If case of any serious misconduct by the employee, the employer retains its disciplinary authority and may sanction the employee by a measure commensurate to the wrongful behaviour, such as a suspension. However, where the employee is protected, the employer must notify and justify its decision to the labour inspector within 48 hours, or it will otherwise be invalid. If the labour inspector subsequently rejects the dismissal, the suspension and its effects are cancelled (any wages due must then be paid to the employee).

The labour inspector must make a decision within two weeks of the matter being referred. If no reply is given, the inspector is deemed to refuse the dismissal.

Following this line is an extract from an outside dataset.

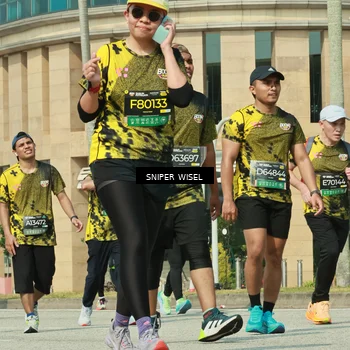 Runner Photo 6166093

Where a fixed-term contract of employment is due to expire, termination may only be authorised by the labour inspector who must be notified one month before the contract expiry date. He will check that the termination is not a discriminatory measure against the employee.

Possible appeals

Whether it is positive or negative, an inspector’s decision may be appealed by:

– application for reconsideration made to the labour inspector,
– escalation procedure to the Ministry of Labour,
– appeal to the administrative court,

If the authorisation to dismiss is cancelled, the employee has two months to request to be reinstated in the company.